This S’Mores Recipe Is So Good, It’ll Melt Your Heart, Just Like This Charming Story That Precedes It
For my darling nephew’s six-and-a-half birthday party, I had planned a quaint but fun-filled theme of outdoor camping, just like they do in movies. We would use artificial grass, earthy perfumes, and young saplings to transform the yacht into a lightly wooded glen. My nephew and his classmates would frolic amid child-sized log cabins and weave cashmere friendship bracelets before a stunning fireworks finale.
Unfortunately, at the last minute, my household staff reported that all suppliers were inexplicably out of marshmallows.
I was at a loss, dear readers. The party was to be that very afternoon. The Belgian chocolate had been ordered, my bakery staff had hand-baked sixty pounds of graham crackers, but what were we to do about the marshmallows? What were we to do without s’mores?
In distress and greatly pressed for time, I attended my weekly pilates lesson and then accompanied my dog Fifi for a walk. Walking Fifi among the regular people always helps me to think.
To my dismay, it soon began to rain, threatening my lovely hat and vintage umbrella (I shouldn’t have brought the umbrella on such an overcast day but it went so well with my hat). Fifi and I took refuge under a tree, shooing away a woman and her three squalling children.
As I watched the rain pouring down, it seemed as if everything in my life was going wrong. However, as if to highlight that there are always those less fortunate than yourself, at that moment a bedraggled mother duck stepped out of the bushes nearby.
Behind the mother duck came two puppies, a baby bunny, a baby goat, a baby yak, and twelve kittens. All had clearly been adopted by this compassionate fowl and all were equally soaked and pitiful. They tumbled through the grass, a tiny parade of adorableness. I quickly called to the poor things and they came right over to take shelter under the tree with me and Fifi.
When the rain stopped, the mother duck took a few steps, then looked back at me expectantly. Seeing that she was attempting to repay me, I followed her (and her darling familial entourage) across the street and into a nearby hospital. There, the duck led me to a room occupied by an elderly woman.
“Why, those puppies,” the bedridden old lady gasped as we entered. “They are the spitting images of my darling Daisy, the faithful dog my late husband and I raised together. Daisy drowned while saving my husband’s life, but she must have had descendants we didn’t know about!”

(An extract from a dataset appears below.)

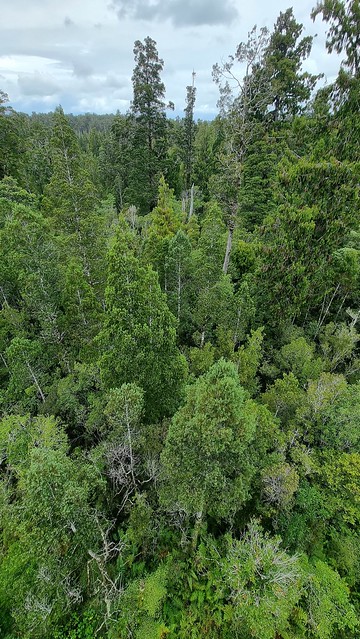 West Coast Treetop Walkway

“I’m pretty sure the duck is these puppies’ mother,” I said, but the elderly woman ignored me.
With tears in her eyes, she told me that she was dying of a mysterious ailment (she told me the name of the ailment, but I was not paying attention to that part).
“I shall not last much longer,” she said. “All I wished for in my final hours was to be reminded of my late husband and his faithful dog. You have fulfilled that wish and completed my life. Thank you for bringing these puppies here and bringing me peace.”
“It’s really nothing,” I said, internally fretting that the rain might have ruined the carved teak-wood logs that my nephew and his classmates would sit around during the ghost story-telling portion of the party.
“Let me repay you,” rasped the old lady, whose skin was in terrible condition—she should have moisturized. “All I have left in the world after my immense medical costs is this.” Then, to my surprise, she reached beside her bed and, with unexpected strength, lifted up a large bag of marshmallows!
“My god, it’s a miracle,” I said. I snatched up the bag of marshmallows (and Fifi—her legs are too short for running) and booked it to the yacht. I left the charming animal family clustered around the old lady’s bedside; presumably, she adopted all of them and their cuteness prompted her to make a full recovery.
And yes, the party went smashingly, thank you for asking! Nothing was damaged in the rain, and the s’mores, toasted over a roaring bonfire (we pulled a smaller boat up next to the yacht and set it on fire), were of course delicious.
- Large square of Belgian chocolate
- Hand-baked graham cracker
Toast the marshmallow over a fire (if no small flammable boat available or if not camping at sea, an ordinary bonfire will do). For best results use a peeled sandalwood stick as a skewer.
Sandwich the chocolate and the toasted marshmallow between two graham cracker halves. Enjoy in the company of good friends and competent staff.
So good they will melt your heart, though surely not as much as my story did!